◆ **Data in this exercise**:
§

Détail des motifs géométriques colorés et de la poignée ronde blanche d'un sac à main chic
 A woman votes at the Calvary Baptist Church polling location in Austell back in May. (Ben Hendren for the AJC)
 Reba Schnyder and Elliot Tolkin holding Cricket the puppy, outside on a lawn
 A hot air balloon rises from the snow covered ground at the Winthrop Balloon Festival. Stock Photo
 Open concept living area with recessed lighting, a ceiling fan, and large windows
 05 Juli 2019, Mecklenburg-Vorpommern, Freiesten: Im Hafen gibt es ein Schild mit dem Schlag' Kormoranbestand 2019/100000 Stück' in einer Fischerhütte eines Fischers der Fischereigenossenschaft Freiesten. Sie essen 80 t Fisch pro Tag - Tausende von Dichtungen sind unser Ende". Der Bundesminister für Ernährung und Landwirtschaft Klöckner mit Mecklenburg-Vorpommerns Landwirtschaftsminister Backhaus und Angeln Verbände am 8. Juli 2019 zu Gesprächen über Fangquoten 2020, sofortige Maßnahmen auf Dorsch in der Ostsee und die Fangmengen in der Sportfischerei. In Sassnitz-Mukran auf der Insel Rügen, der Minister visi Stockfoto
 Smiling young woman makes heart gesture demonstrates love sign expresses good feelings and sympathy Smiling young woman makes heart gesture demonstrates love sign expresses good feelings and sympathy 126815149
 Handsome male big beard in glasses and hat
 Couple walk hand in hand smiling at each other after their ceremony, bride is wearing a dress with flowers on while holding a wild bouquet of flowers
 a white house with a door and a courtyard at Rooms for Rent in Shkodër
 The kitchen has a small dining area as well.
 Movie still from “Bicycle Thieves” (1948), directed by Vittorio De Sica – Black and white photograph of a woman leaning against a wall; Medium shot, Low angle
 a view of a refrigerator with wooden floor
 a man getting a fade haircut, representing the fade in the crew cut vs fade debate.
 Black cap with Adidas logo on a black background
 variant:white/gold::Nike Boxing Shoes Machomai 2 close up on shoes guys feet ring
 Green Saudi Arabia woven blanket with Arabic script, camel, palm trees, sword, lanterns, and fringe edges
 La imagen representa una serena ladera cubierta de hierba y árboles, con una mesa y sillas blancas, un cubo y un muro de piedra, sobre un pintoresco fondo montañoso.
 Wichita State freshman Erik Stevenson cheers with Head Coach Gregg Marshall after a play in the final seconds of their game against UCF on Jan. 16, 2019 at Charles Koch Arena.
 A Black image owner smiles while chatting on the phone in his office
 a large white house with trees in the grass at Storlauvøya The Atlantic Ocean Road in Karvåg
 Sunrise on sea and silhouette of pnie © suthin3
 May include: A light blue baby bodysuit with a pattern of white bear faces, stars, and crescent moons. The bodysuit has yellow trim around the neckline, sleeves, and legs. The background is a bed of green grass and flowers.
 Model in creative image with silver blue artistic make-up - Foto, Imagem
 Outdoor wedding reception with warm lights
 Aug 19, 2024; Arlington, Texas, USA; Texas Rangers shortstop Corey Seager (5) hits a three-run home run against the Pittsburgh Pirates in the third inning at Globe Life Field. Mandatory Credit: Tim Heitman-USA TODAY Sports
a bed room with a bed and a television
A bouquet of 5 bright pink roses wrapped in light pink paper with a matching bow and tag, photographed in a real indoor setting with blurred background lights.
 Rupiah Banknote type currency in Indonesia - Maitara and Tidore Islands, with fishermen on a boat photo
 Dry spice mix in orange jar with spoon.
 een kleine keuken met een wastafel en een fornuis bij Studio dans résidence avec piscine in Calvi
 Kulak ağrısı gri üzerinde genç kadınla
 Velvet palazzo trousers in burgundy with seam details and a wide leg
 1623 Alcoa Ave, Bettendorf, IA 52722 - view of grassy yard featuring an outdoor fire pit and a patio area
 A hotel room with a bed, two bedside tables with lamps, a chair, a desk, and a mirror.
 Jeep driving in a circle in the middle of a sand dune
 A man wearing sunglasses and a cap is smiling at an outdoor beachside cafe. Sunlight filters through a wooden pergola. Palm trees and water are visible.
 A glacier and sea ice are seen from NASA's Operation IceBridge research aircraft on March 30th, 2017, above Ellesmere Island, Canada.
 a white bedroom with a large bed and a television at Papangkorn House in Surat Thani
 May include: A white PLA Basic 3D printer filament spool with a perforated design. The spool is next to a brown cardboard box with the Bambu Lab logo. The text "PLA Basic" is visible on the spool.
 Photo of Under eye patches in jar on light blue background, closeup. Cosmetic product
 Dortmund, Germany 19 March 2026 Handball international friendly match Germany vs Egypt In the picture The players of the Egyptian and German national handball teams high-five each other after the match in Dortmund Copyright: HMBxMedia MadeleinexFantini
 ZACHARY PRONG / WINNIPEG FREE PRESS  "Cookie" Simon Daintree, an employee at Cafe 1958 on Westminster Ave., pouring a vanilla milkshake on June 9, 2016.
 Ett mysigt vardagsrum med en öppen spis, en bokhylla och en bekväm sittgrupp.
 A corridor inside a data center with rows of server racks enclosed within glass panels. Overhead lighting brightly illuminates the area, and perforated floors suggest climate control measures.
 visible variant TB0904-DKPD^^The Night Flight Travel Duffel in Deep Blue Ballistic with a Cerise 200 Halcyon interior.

§

◆ **Requirement**:
Nothing beyond a number is expected: count the lines of the material that hold the string "their".

◆ **Written answer**:
2